As discussed in a recent InfoQ post, the new Hortonwork Stinger Initiative heavily relies on Tez, a new Hadoop data processing framework.
The Apache Tez: A New Chapter in Hadoop Data Processing blog post explains:
“Higher-level data processing applications like Hive and Pig need an execution framework that can express their complex query logic in an efficient manner and then execute it with high performance. Apache Tez … represents an alternative to the traditional MapReduce that allows for jobs to meet demands for fast response times and extreme throughput at petabyte scale.”
Tez achieves this goal by modeling data processing not as a single job, but rather as a data flow graph:
… with vertices in the graph representing application logic and edges representing movement of data. A rich dataflow definition API allows users to express complex query logic in an intuitive manner and it is a natural fit for query plans produced by higher-level declarative applications like Hive and Pig... [The] dataflow pipeline can be expressed as a single Tez job that will run the entire computation. Expanding this logical graph into a physical graph of tasks and executing it is taken care of by Tez.
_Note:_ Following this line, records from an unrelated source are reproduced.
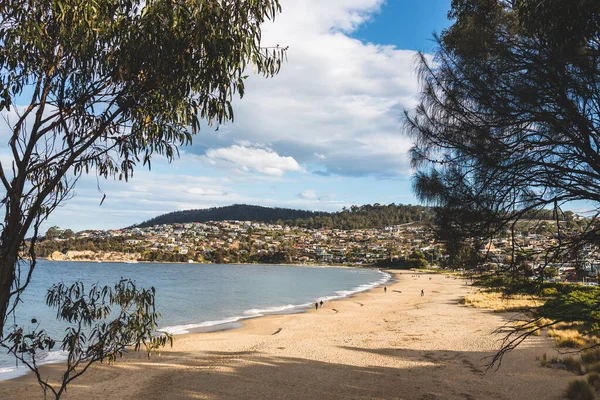 Hobart Tasmania Agosto 2020 Playa Blackmans Bay Soleado Día Invierno — Foto de Stock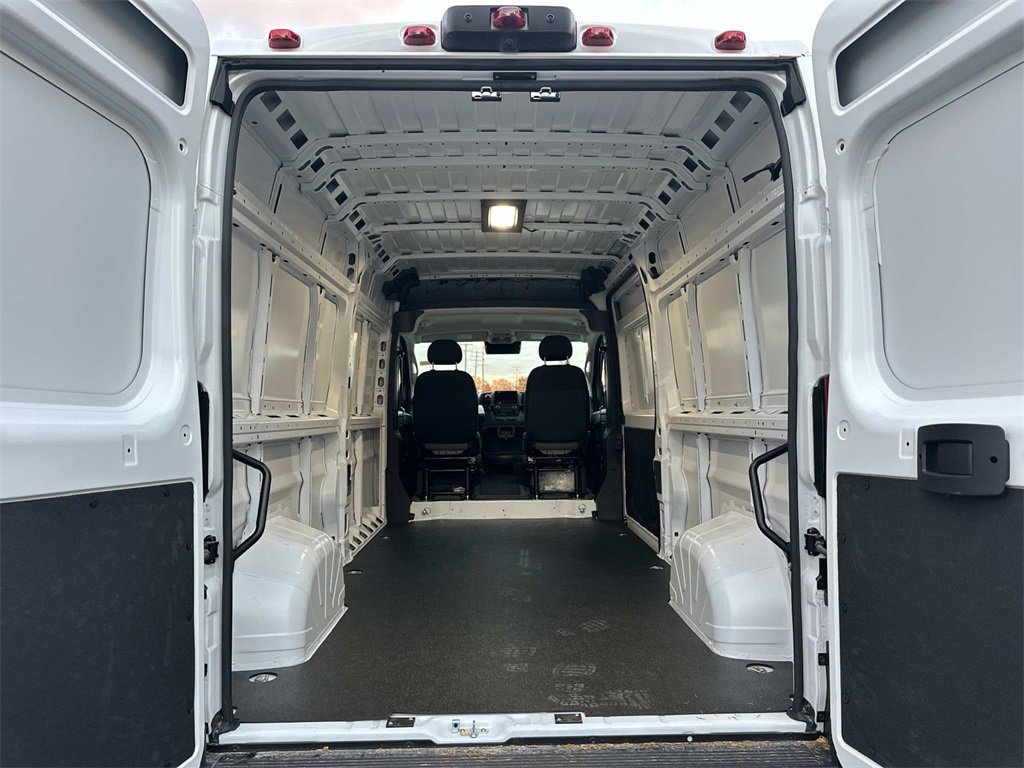 New 2026 RAM ProMaster 2500 image 9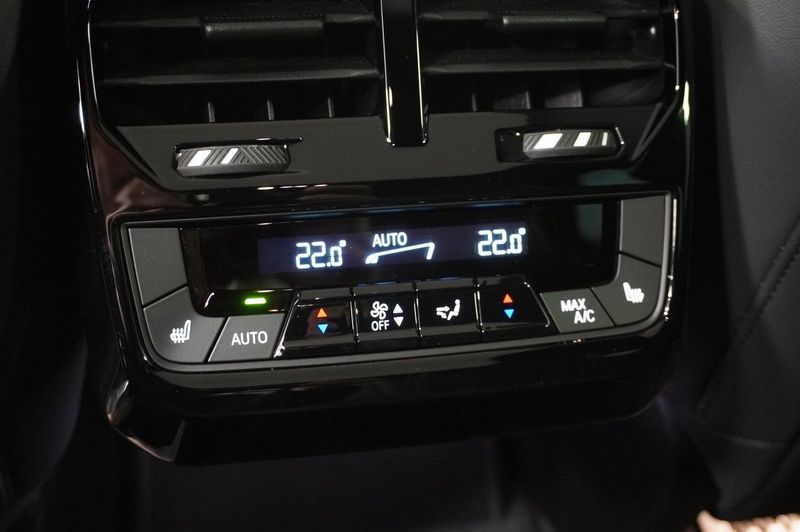BMW iX bild 19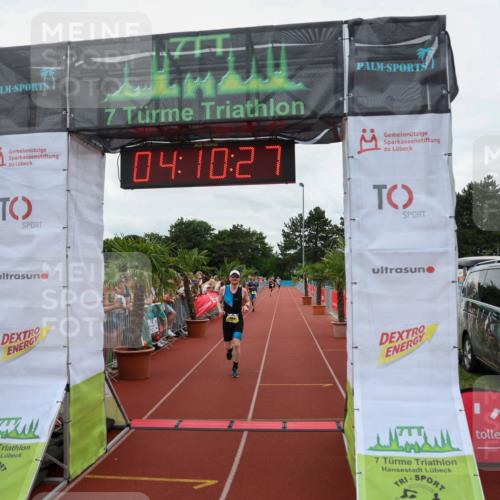 15.06.2025 - 7 Türme Triathlon Michael Strokosch http://msf.ph/oto/7975653 15.06.2025 14:10:26 Ziel 1154 meine-sportfotos.de
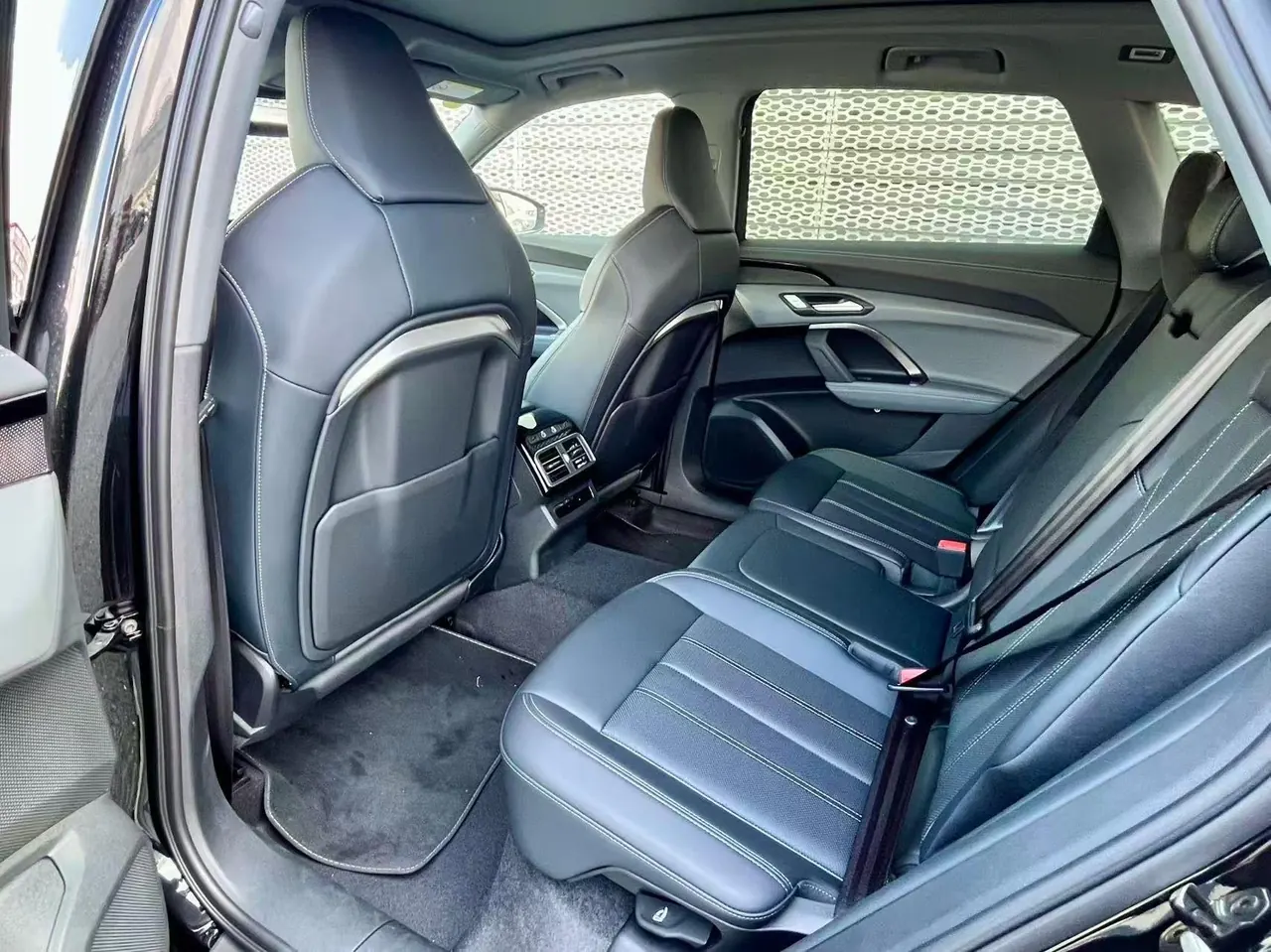 Audi 2026 Q5L 2.0T Smart Hybrid Luxury Automatic Gear 5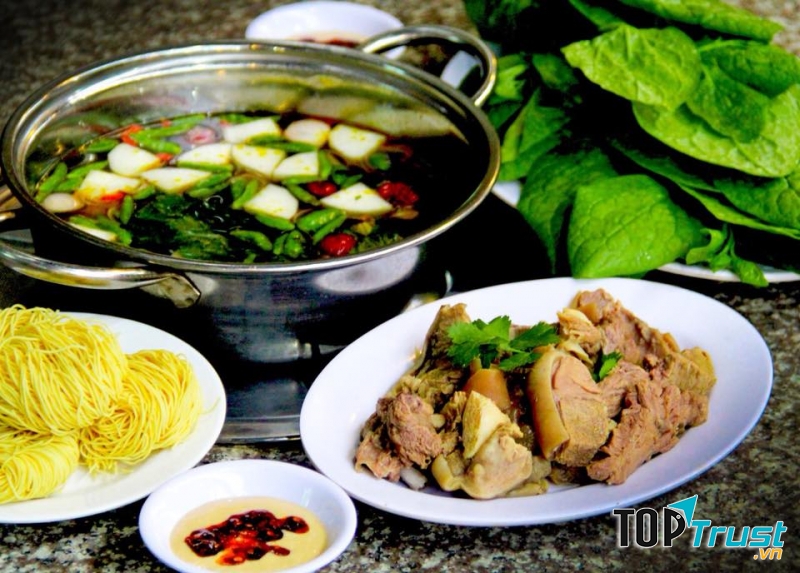 Món ăn ngon hấp dẫn tại nhà hàng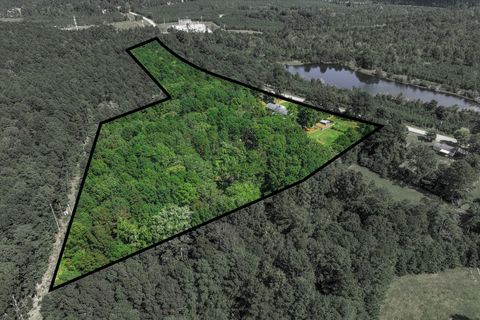 Tiny photo for 1259 Jefferson Street, McCormick, SC 29835 (MLS # 547439)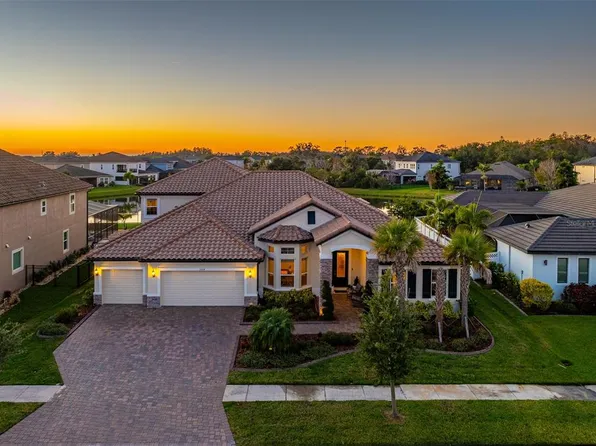 33164 Kateland Dr, Wesley Chapel, FL 33545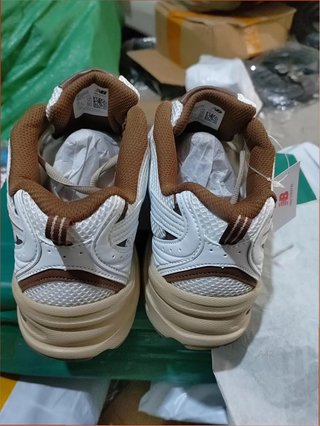 New Balance NB 530 Beige/Marrón Talla 37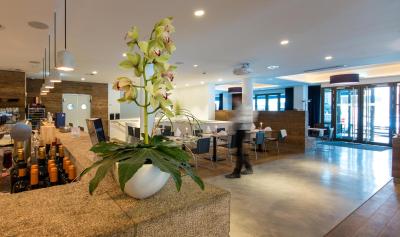 وای وادی هتل بایر 89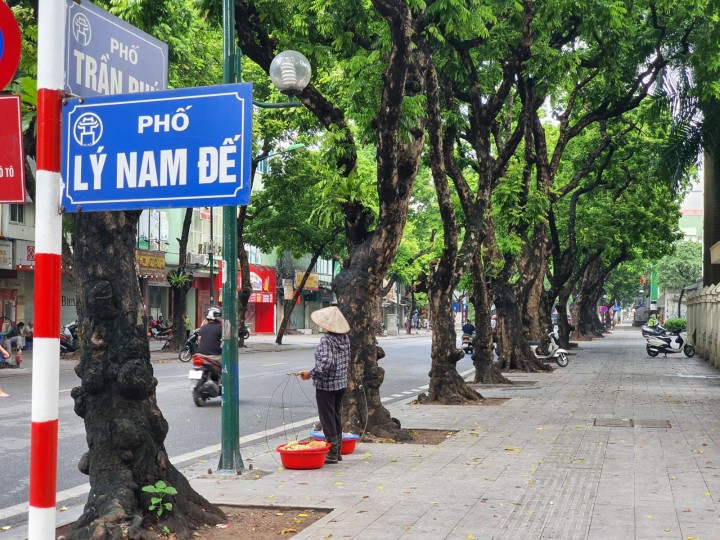 Lý Nam Đế - Hoàn Kiếm
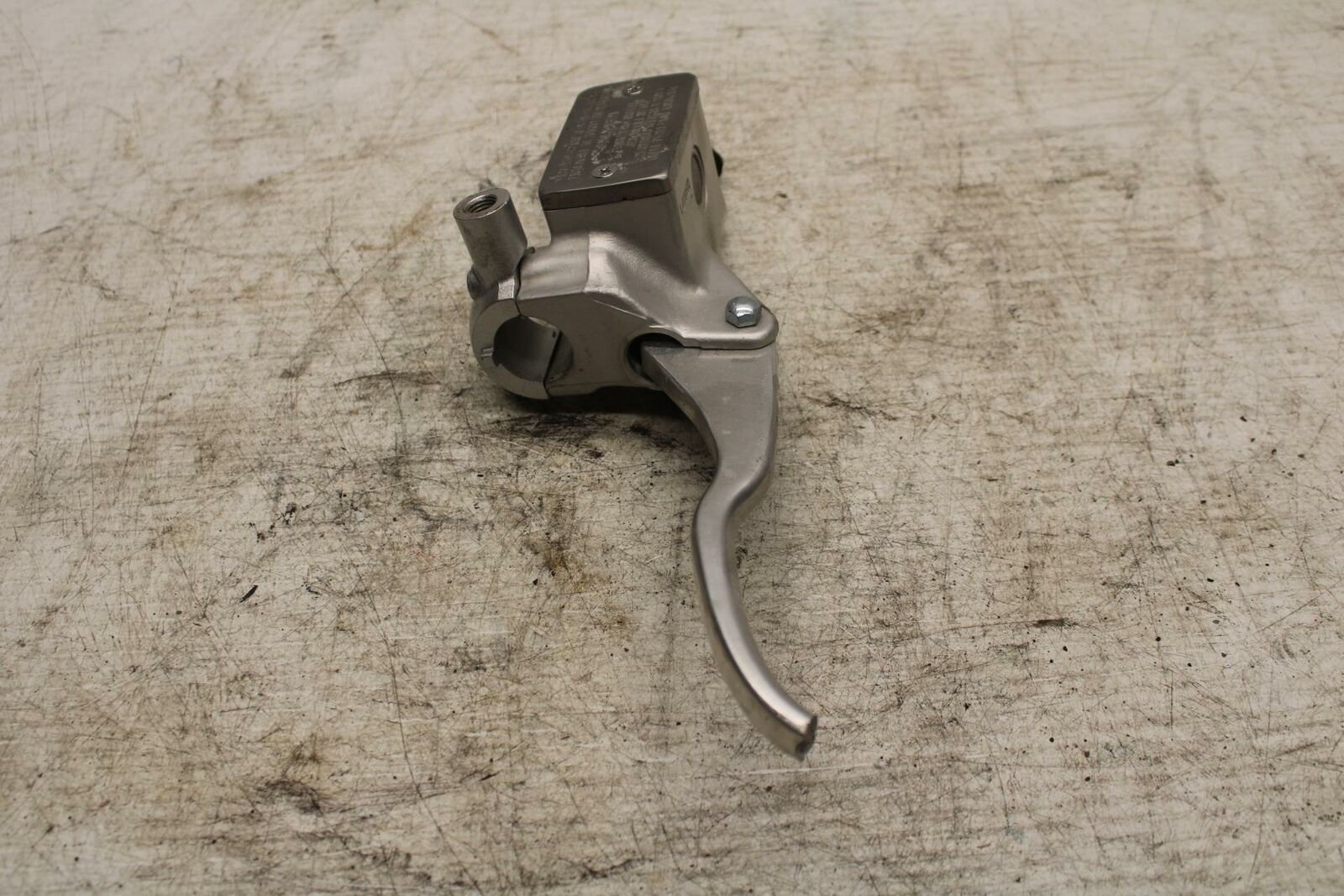 06-07 SUZUKI BOULEVARD S40 FRONT BRAKE MASTER CYLINDER BB375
Specific user logic is modeled in Tez vertices in the form of input, processor and output modules, where input and output modules define an input and output data (including its format, access method and location), while processor modules define data transformation logic. Data transformation logic can be expressed in a form of a MapReduce job or a reducer. Although Tez does not explicitly impose any data format restriction it requires that input, processor and output are compatible with each other. Similarly, an input/output pair connected by an edge has to be format/location compatible.
Data Processing API in Apache Tez blog post describes a simple Java API used to express a DAG of data processing. The API has three components
- DAG. this defines the overall job. The user creates a DAG object for each data processing job.
- Vertex. this defines the user logic and the resources & environment needed to execute the user logic. The user creates a Vertex object for each step in the job and adds it to the DAG.
- Edge. this defines the connection between producer and consumer vertices. The user creates an Edge object and connects the producer and consumer vertices using it.
Edge properties defined by Tez enable it to instantiate user tasks, configure their inputs and outputs, schedule them appropriately and define how to route data between the tasks. Tez also allows to define parallelism for each vertex execution by specifying user guidance, data size and resources.
- Data movement. Defines routing of data between tasks
- One-To-One: Data from the ith producer task routes to the ith consumer task.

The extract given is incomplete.